Active transport moves solutes against their electrochemical gradients with energy input from ATP hydrolysis or the sodium gradient. Primary active transporters directly use ATP, typified by the Na⁺/K⁺-ATPase (sodium-potassium pump), which exchanges three intracellular Na⁺ for two extracellular K⁺ per ATP hydrolyzed, establishing the electrochemical gradient that drives numerous secondary transport processes. The sarco/endoplasmic reticulum Ca²⁺-ATPase (SERCA) pumps Ca²⁺ into the ER lumen, and the H⁺/K⁺-ATPase in gastric parietal cells acidifies the stomach lumen. Secondary active transport uses the electrochemical gradient of one solute, typically Na⁺, to drive the uphill transport of another solute. Symporters move both solutes in the same direction, such as the Na⁺/glucose symporter SGLT1 in intestinal epithelial cells, while antiporters move solutes in opposite directions, such as the Na⁺/Ca²⁺ exchanger in cardiac muscle.

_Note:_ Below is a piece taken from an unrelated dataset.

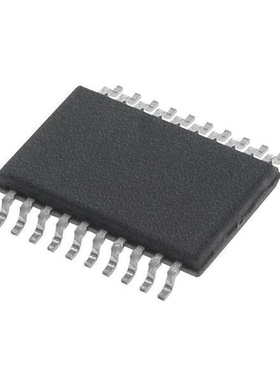 STM8S903F3M6TR[8 -MCU 8-bit Performance LN 16 Mhz 8kb]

Endocytosis and Exocytosis

Endocytosis internalizes extracellular material by membrane invagination and vesicle formation. Phagocytosis engulfs large particles such as bacteria and apoptotic debris, mediated by receptor interactions with opsonins and requiring actin polymerization, and is performed primarily by macrophages, neutrophils, and dendritic cells. Pinocytosis is the non-selective uptake of extracellular fluid and dissolved solutes via small vesicles. Receptor-mediated endocytosis involves ligand binding to specific receptors in clathrin-coated pits, which bud inward to form clathrin-coated vesicles — this pathway mediates cholesterol uptake via the LDL receptor and iron uptake via the transferrin receptor. After uncoating, early endosomes sort cargo to lysosomes for degradation, to recycling endosomes for return to the membrane, or across the cell for transcytosis. Exocytosis releases molecules from the cell via fusion of secretory vesicles with the plasma membrane: constitutive exocytosis continuously delivers membrane proteins and secreted proteins, while regulated exocytosis triggered by Ca²⁺ signaling releases hormones, neurotransmitters, and digestive enzymes from storage vesicles.